Same here, I had to improve mine, cost me about £150 and I did it myself in a couple of evenings
Currently, having spoken with the EPC guy, I have 100 to 120mm. In order to tick the right box to get my RHI I need to meet or surpass current building regulations, which is (supposedly) 270mm. I'm getting a 200mm Cross Layer added, which will give me ~300mm. It's going to cost me £10 per M² for materials & installation, & whilst I could do it myself for around £4 or £5 per M² just for the 200mm thick rolls, I absolutely hate everything to do with laying loft insulation, so I'm more than willing to pony up the cash to tick that box. Besides, my days are currently filled with decorating the kitchen. I've just finished tiling it, but now it's onto the painting...
Update from things at my end. Made my first changes to the set up. DHW settings lowered to 47*. Switched to the weather compensation on saturday. Really useful video which I think was initially posted by Kev. As you had all advised it was straightforward to do (yes even for me) Initial settings as 50* at -2* and 20* at 20*. Left thermostats alone and continued to log some data so I can see any changes step by step. No dramatic changes in consumption. Total daily ASHP kwh swinging between about 55 and 70kwh daily (big incentive to explore changes), temperatures around 2-5* during the day and about 0-2* at night. CoP average pretty steady at about 2.7 before and after these changes.
Also - picked up here that you can generate the PDF reports when access melcloud via PC rather than phone app which was all I'd been using.
Trying to correlate electricity meter with melcoud, MMSP, and the two readouts on the ASHP itself - might post about that another time it's not always adding up but need a couple more days to work it out.Â
Today have proceeded to what I wanted to try based on my understanding of what I'm reading on the forum. Have tweaked weather comp curve to 42* at -2*, 20* at 20*. All indoor thermostats turned to max unless in a couple of room we don't heat where they are turned to zero. Not sure if that'll be warm enough but thought I'd start there and go up as needed rather than work down. Might need to weather family complaints but trying to be cost conscious.
Turning thermostats up to maximum feels counter-intuitive - impossible not to be nervous re consumption but we'll see where we are after 24 hours.

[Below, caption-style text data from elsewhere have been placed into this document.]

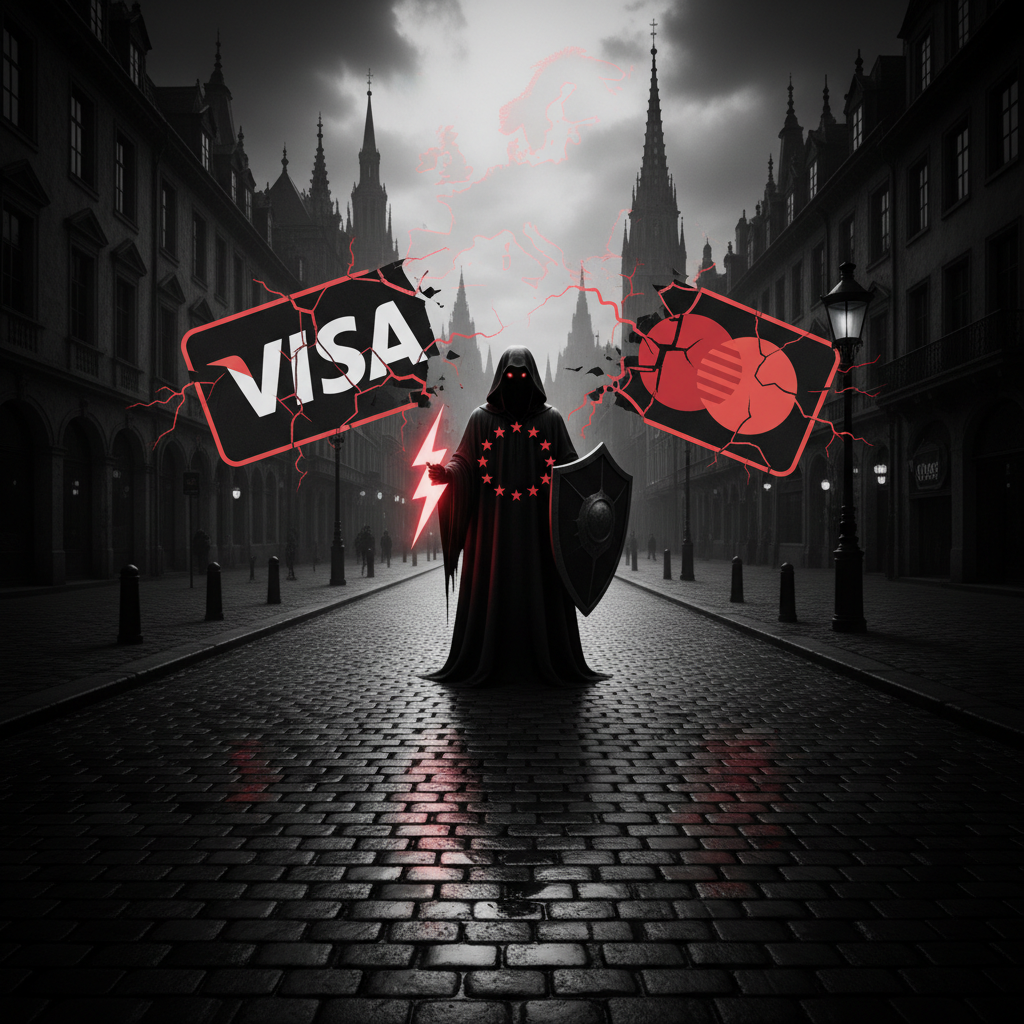 EU Strikes Back: Visa and Mastercard Go Local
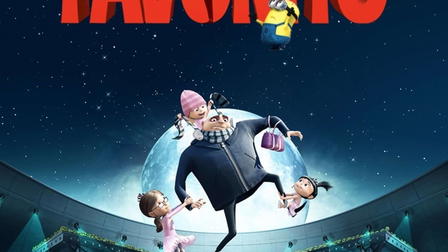 Gru. Mi villano favorito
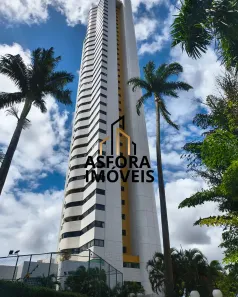 Apartamento com 4 Quartos à venda, 220m² no Monteiro, Recife
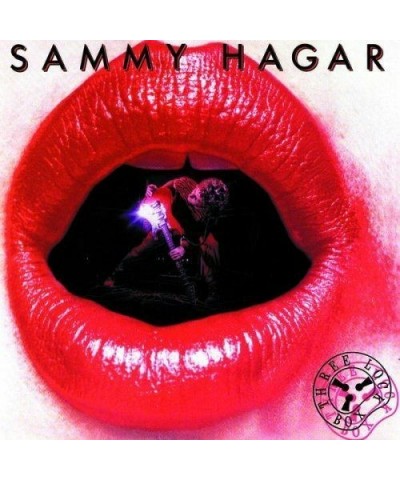 Sammy Hagar THREE LOCK BOX CD $4.14 CD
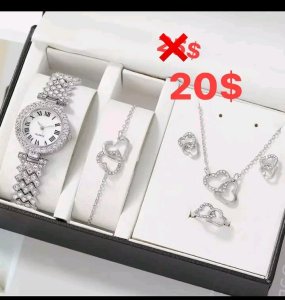 PROMOTION  Boxe VIP composée des accessoires concordants de haute classe pour Homme et pour femme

As always - in awe of the knowledge by the regulars on here - and massively grateful for the very generous sharing of that knowledge.Â
Â
Thanks again will update in a few days.
@rv3Â
Hi RV3,
By turning up the thermostats you are merely removing them from the equation, and stopping them from interfering with the controller, and preventing it from actually carrying out the control function. Once your system is correctly configured and optimised it would be possible to remove the thermostats altogether, but probably best to keep them in place with a setting of 1C to 2C about the desired indoor temperature. If any rooms then suffered a dose of solar gain, the thermostat would help prevent the temperature from going too high.
@rv3 try to write down when the house feels too warm, or too cold, with the time & date (if you can, without changing anything). Then, you can cross reference that with the outside temp that the Melcloud system thinks it is. There is a way to tweak the middle of the curve too, not just the end points. You are also following the same logic as I am, with moving the lower end point further down from Zero.
@derek-m understood and thanks for the tip. The thermostats are old style dials with notches on so not quite as easy to calibrate as digital read out stats - hadn't thought about the rooms getting too hot but there's really only one room that gets and decent solar gain. All useful and have used a lot of what you've advised to try and figure out best approach - v grateful.
@rv3Â
Hi RV3,
From the graph you can see the immediate effect in that the water flow temperature was reduced from 42C to 35C, which should have improved the efficiency and COP quite considerably.
I am not that familiar with MELCloud, but it would have been interesting to see energy consumption and indoor and outdoor temperature over the same period.
@rv3 whilst you're doing this, & trying to convince your system to gently sip electricity, rather than guzzle it, I have found that writing down your electricity meter readings once a day really helps. If you have a ballpark estimate for how much the rest of your house usually uses, so much the better. That way, you can get a feel for how much a - 3°C day usually costs, or how little an +8°C one sets you back.
I have tended to start warm, & cut it down, rather than starting cold & warming it up. The reason is that it takes a day or so for things to stabilise, & there is an expensive peak of power use that it needs to raise the temperature by a degree or two.